▼▼▼
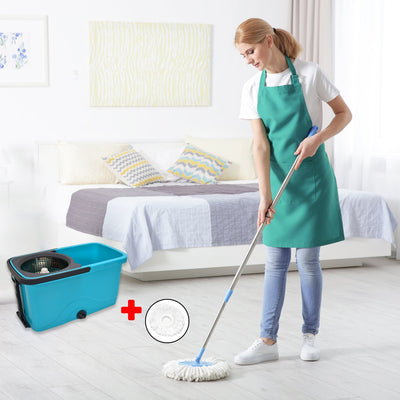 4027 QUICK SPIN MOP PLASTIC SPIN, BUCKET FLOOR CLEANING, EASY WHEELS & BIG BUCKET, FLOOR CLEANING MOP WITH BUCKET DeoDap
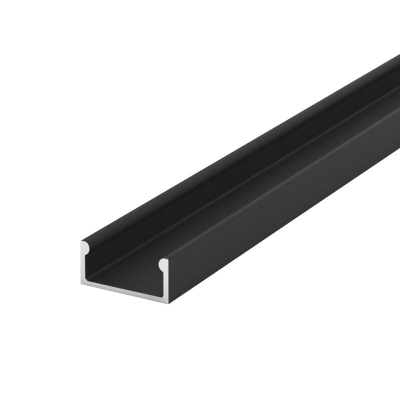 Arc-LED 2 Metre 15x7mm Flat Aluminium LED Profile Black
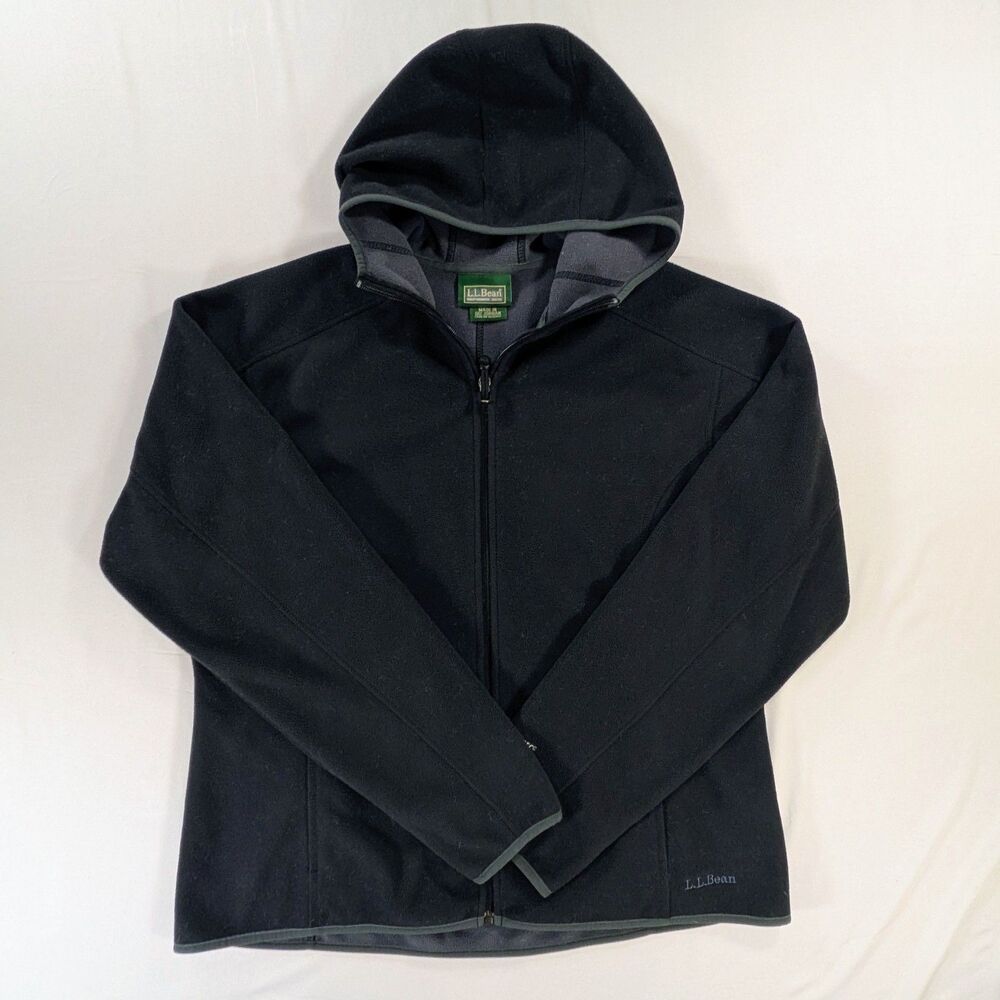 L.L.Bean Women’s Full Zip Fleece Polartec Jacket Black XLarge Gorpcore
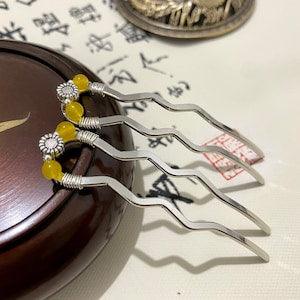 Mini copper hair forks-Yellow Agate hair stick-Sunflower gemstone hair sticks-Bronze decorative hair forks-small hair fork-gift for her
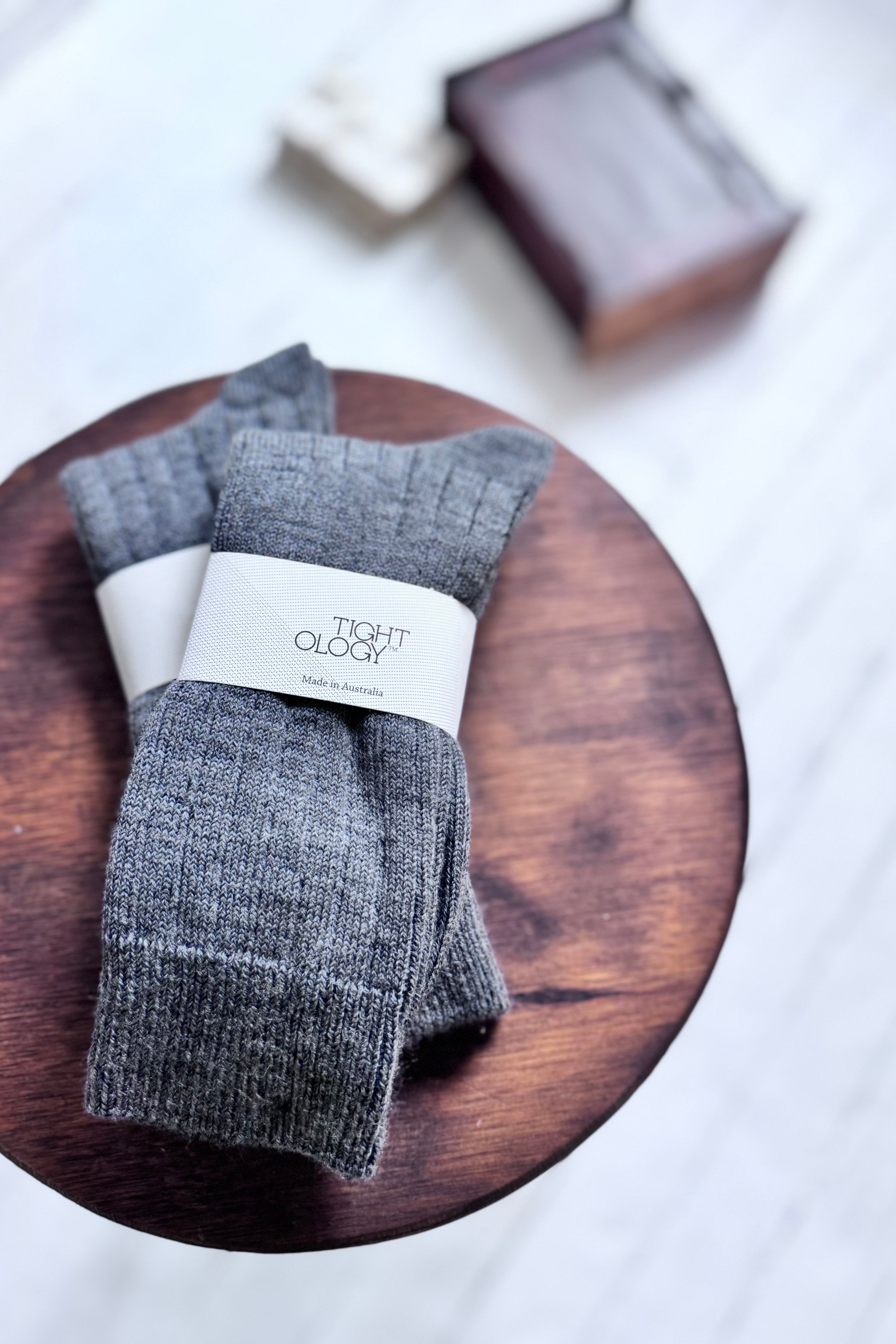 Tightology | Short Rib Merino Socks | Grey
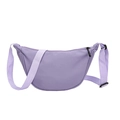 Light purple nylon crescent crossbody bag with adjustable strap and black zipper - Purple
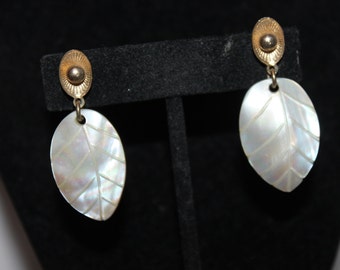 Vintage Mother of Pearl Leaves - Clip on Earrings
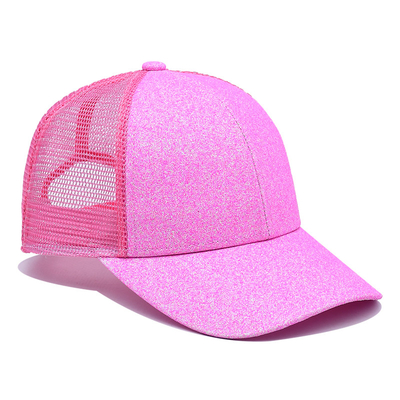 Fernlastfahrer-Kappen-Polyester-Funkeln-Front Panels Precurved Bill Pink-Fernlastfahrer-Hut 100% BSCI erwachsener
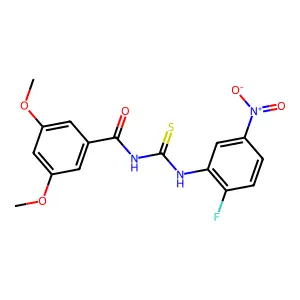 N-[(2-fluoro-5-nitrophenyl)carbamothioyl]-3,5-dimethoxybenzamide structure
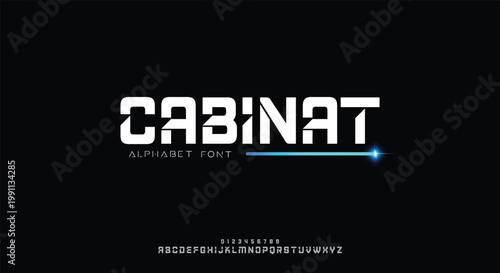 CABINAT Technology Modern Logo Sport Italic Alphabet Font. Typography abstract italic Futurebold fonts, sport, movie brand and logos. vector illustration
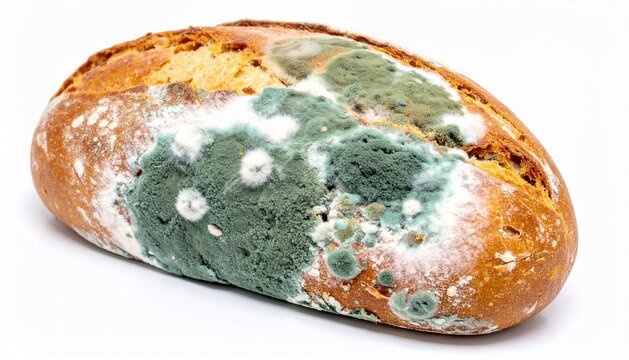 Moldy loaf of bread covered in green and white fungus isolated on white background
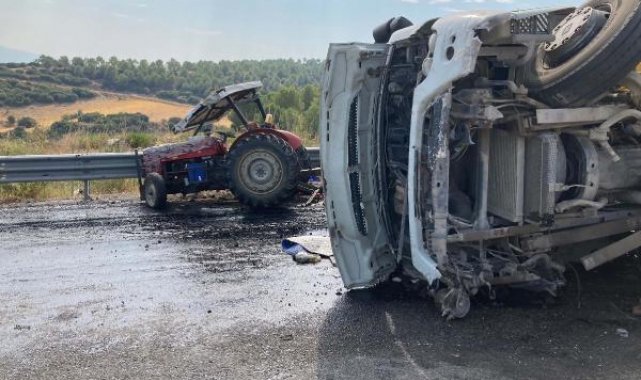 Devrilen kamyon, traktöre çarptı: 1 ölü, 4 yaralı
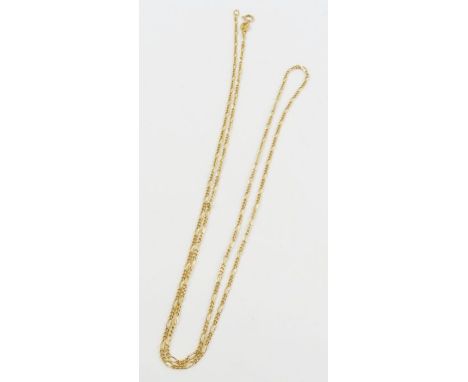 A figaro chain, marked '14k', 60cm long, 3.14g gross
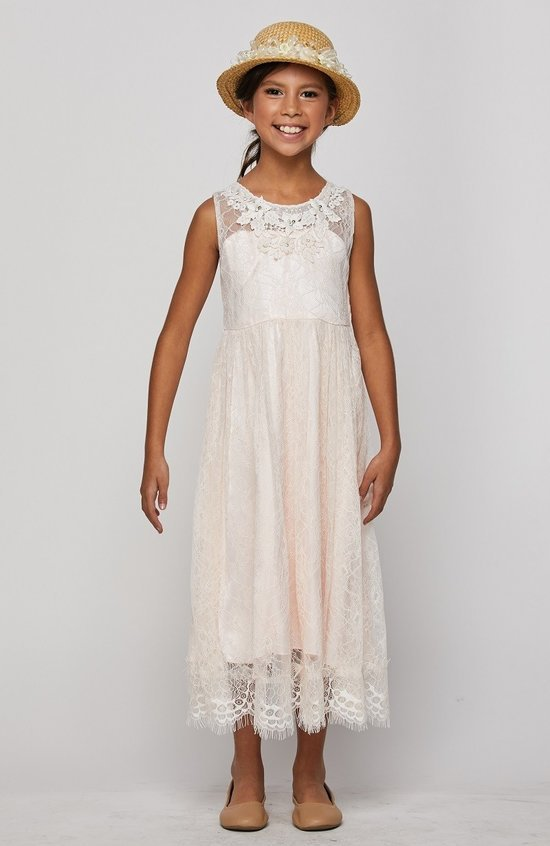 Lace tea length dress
▲▲▲
> _DIRECTIONS FOR THIS TASK_
Pictures aside, return exactly the lines from the data above, starting at the line that has "Arc-LED 2 Metre" and ending at the line that has "Mini copper hair", both included.

> _OUTPUT OF THE TASK_
 Arc-LED 2 Metre 15x7mm Flat Aluminium LED Profile Black
 L.L.Bean Women’s Full Zip Fleece Polartec Jacket Black XLarge Gorpcore
 Mini copper hair forks-Yellow Agate hair stick-Sunflower gemstone hair sticks-Bronze decorative hair forks-small hair fork-gift for her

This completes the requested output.